Weaving the disintegrating diaries of Ernest Lord, Victorian ivory merchant and the first of Loretta’s father’s family to settle in Australia, stories of the circus courtesy of Loretta’s trapeze artist mother Leda, brilliant but bizarre, and Loretta’s own perceptive perspective, The Trapeze Act is a stunning novel – something that should come as no surprise, given that it’s the debut from poet Libby Angel. Angel transitions with ease between voices, eras, and writing styles, crafting a lyrically beautiful world populated with fantastic characters.

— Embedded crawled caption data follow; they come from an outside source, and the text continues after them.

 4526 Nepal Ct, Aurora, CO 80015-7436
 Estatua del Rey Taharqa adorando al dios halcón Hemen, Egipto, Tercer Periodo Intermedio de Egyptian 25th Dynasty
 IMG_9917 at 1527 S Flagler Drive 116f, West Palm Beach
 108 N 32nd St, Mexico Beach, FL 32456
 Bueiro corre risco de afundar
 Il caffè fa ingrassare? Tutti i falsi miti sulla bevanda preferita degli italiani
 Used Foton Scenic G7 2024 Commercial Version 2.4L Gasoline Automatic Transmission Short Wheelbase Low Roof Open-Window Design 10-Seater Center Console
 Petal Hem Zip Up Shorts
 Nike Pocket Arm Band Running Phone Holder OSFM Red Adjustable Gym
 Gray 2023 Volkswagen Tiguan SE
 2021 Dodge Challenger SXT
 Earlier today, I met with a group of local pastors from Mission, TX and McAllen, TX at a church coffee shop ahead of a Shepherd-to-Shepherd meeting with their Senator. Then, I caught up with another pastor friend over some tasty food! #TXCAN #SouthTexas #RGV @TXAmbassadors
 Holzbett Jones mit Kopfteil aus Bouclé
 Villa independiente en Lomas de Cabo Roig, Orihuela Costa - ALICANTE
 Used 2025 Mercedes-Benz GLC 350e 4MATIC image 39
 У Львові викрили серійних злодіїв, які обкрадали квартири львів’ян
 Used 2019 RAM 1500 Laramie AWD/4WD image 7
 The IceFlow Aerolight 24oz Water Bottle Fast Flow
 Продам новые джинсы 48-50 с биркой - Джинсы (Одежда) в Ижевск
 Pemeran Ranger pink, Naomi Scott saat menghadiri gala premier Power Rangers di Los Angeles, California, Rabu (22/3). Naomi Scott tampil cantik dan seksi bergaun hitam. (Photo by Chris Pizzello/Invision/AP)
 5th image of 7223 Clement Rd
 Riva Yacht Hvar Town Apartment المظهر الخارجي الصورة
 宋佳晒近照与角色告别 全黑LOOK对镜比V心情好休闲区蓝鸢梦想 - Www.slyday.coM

But this is Loretta’s story, and bringing together all these vibrant voices together in order to tell that story can be pretty frustrating. What I found, though, is that that frustration has its own poignancy, showcasing how quiet, forgotten Loretta is pushed aside, lost within the excitement and drama of her family tree. Throughout the novel, it’s something that she falls victim to herself, defining and telling her own story through others, and it makes the moments when she turns around and acknowledges her own equally vital existence that much more powerful.
When Loretta stands in front of her classmates and announces that her plans for the future are to “leave this godforsaken town and set the world on fire”, I was right there beside her, punching the air. You go, Ettie. You finally do you.